**EXERCISE OBJECTIVE**
Only the lines from the line that contains "Vtg Timex Expedition" through the final line of the entries below belong in your answer, copied exactly and without pictures.
* * * * * * * * *
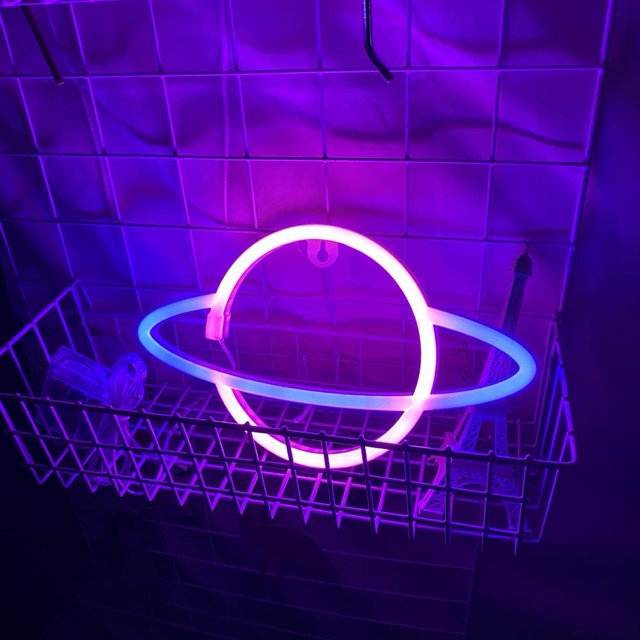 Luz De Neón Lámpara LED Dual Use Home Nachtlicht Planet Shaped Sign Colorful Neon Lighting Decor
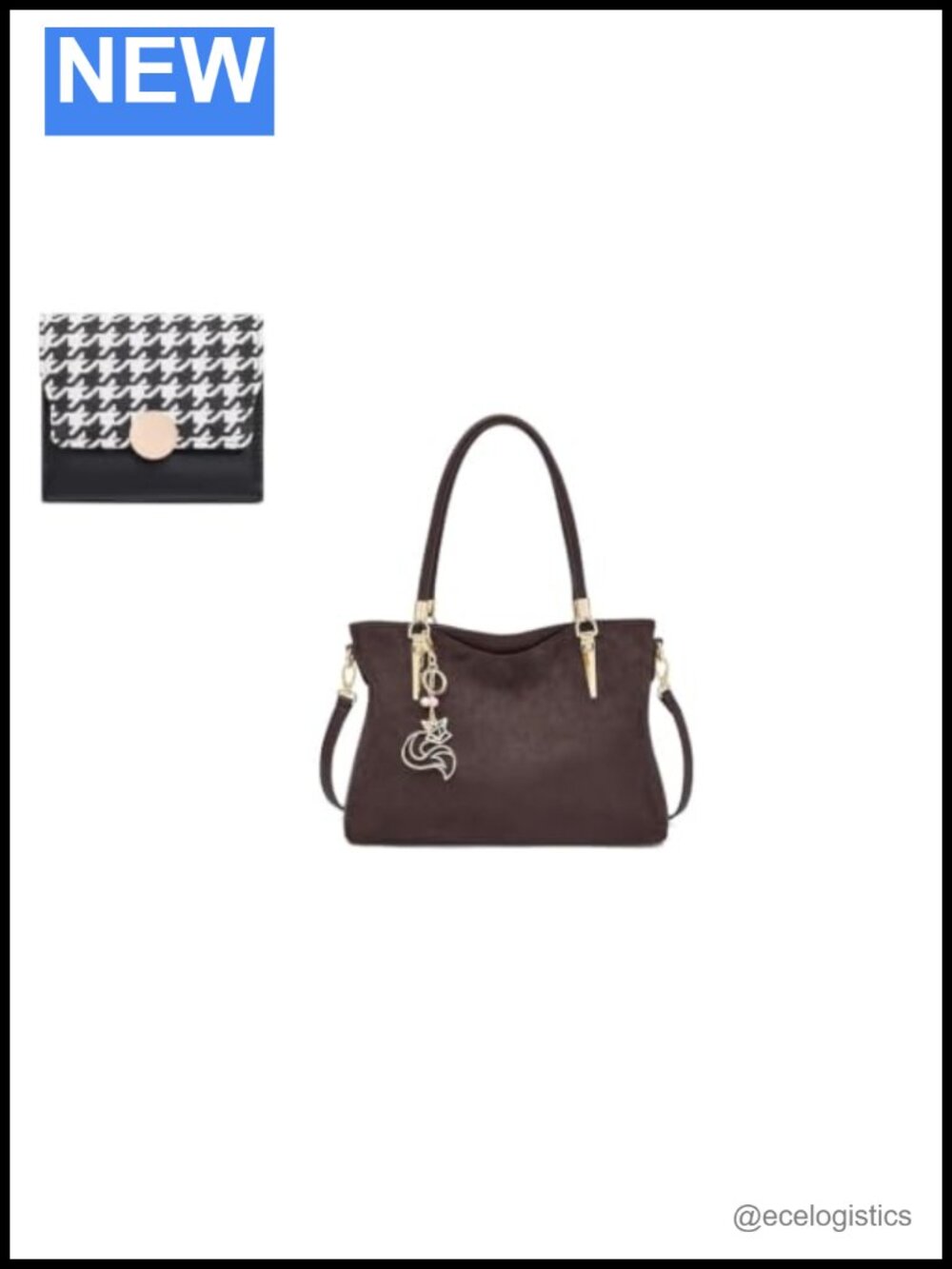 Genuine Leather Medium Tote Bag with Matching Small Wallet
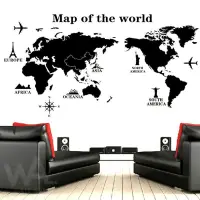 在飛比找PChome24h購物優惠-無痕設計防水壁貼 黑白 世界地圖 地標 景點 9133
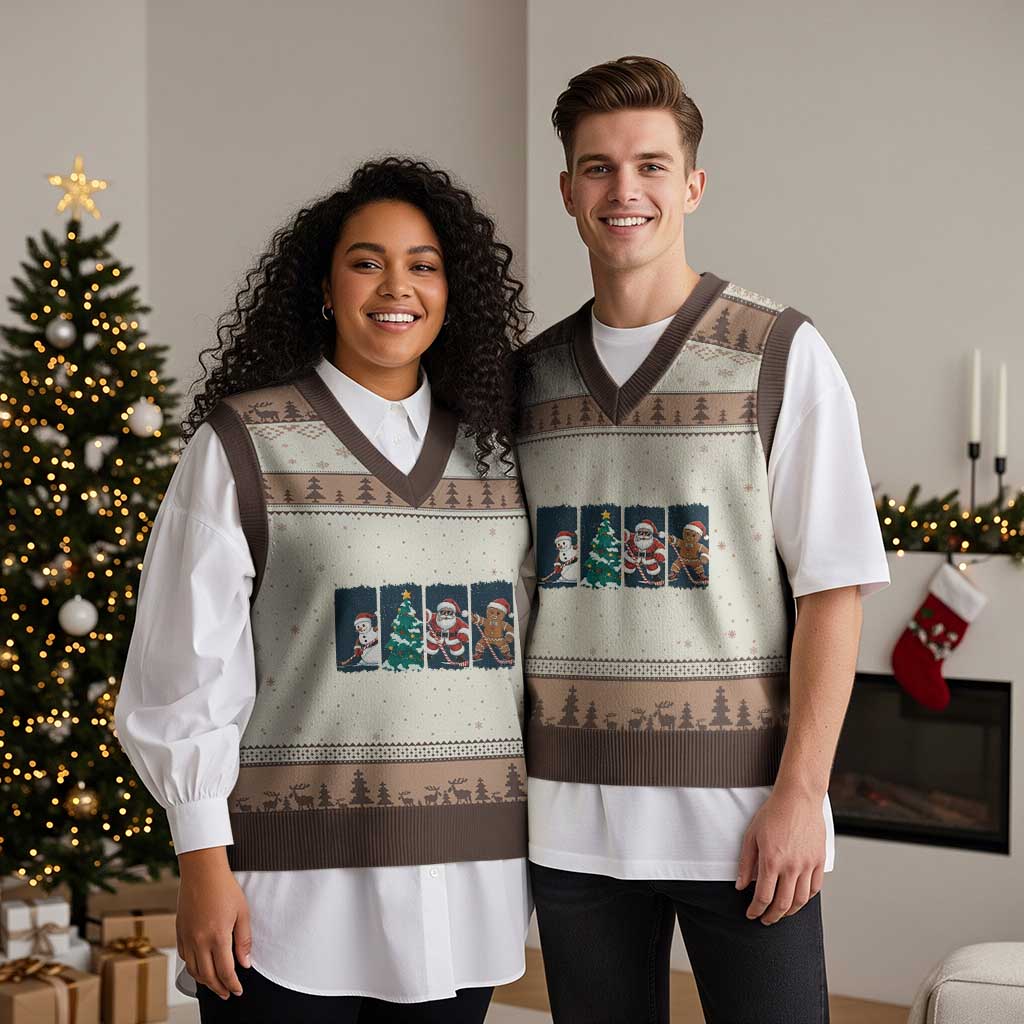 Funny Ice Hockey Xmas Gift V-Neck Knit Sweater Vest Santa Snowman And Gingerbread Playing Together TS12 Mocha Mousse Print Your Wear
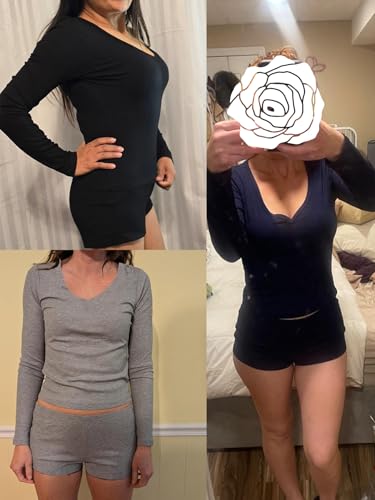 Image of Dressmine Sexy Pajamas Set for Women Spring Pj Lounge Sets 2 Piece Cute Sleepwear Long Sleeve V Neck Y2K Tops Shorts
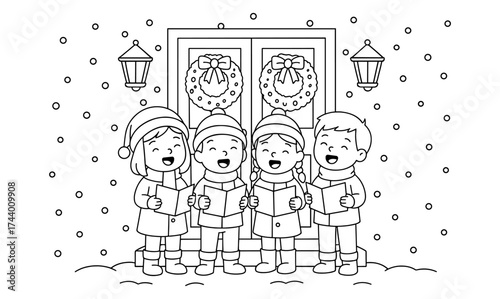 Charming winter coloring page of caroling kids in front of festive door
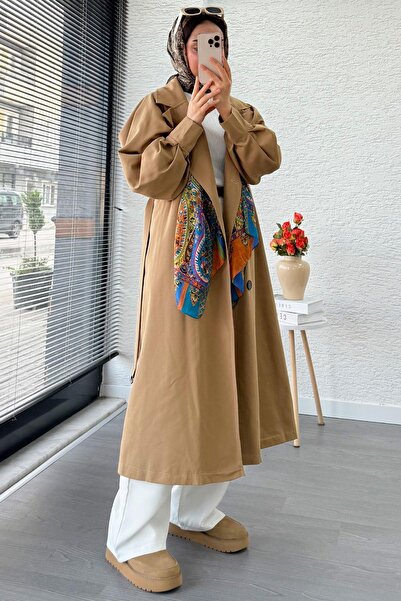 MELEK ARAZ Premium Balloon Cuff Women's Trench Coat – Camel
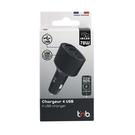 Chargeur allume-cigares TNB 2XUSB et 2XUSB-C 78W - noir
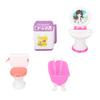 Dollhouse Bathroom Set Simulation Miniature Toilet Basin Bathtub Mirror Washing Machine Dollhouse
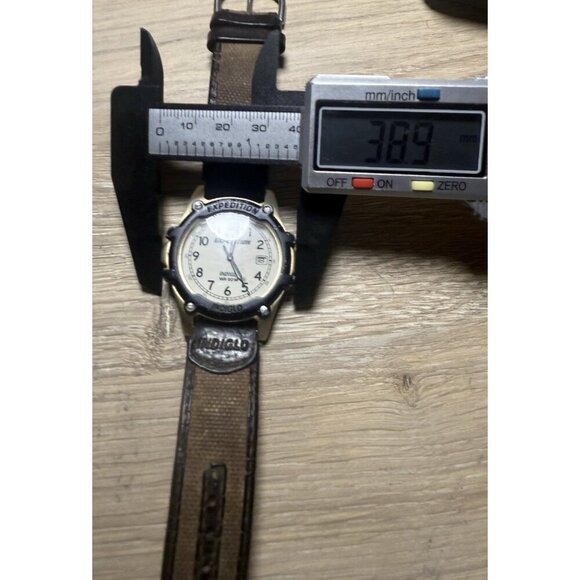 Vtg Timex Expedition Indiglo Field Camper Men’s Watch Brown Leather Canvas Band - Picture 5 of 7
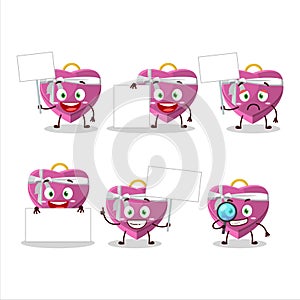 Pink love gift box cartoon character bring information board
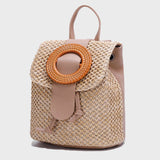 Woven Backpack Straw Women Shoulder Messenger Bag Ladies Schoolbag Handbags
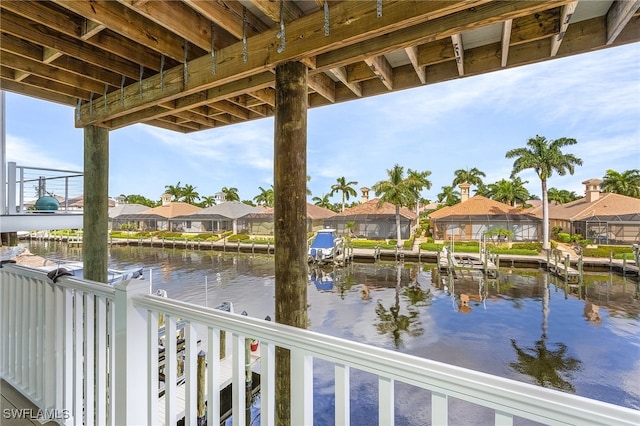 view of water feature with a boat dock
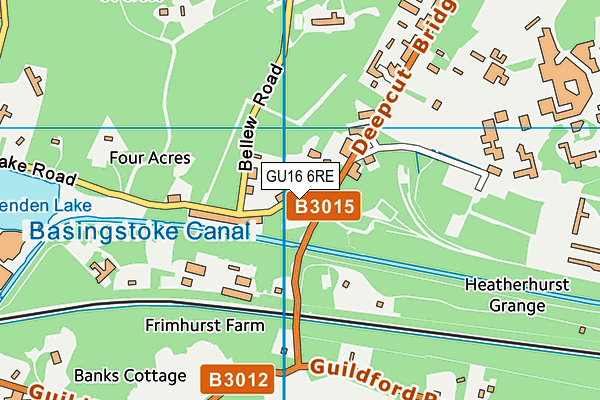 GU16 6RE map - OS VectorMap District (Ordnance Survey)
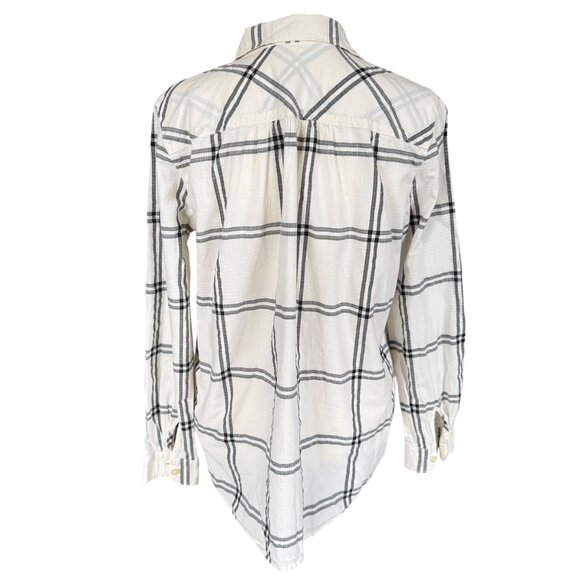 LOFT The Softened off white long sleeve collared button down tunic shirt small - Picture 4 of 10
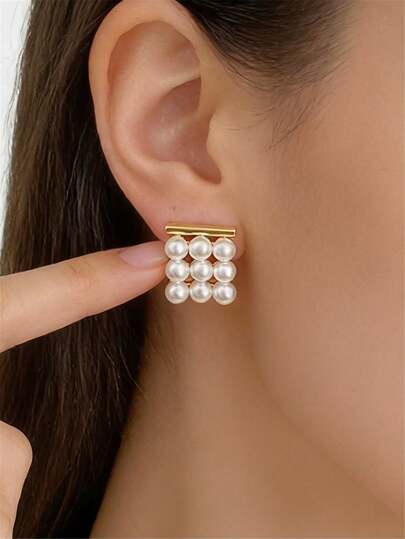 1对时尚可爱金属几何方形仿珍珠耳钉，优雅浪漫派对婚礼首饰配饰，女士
* * * * * * * * *
**FINAL ANSWER**
 Vtg Timex Expedition Indiglo Field Camper Men’s Watch Brown Leather Canvas Band - Picture 5 of 7
 Pink love gift box cartoon character bring information board
 Woven Backpack Straw Women Shoulder Messenger Bag Ladies Schoolbag Handbags
 view of water feature with a boat dock
 GU16 6RE map - OS VectorMap District (Ordnance Survey)
 LOFT The Softened off white long sleeve collared button down tunic shirt small - Picture 4 of 10
 1对时尚可爱金属几何方形仿珍珠耳钉，优雅浪漫派对婚礼首饰配饰，女士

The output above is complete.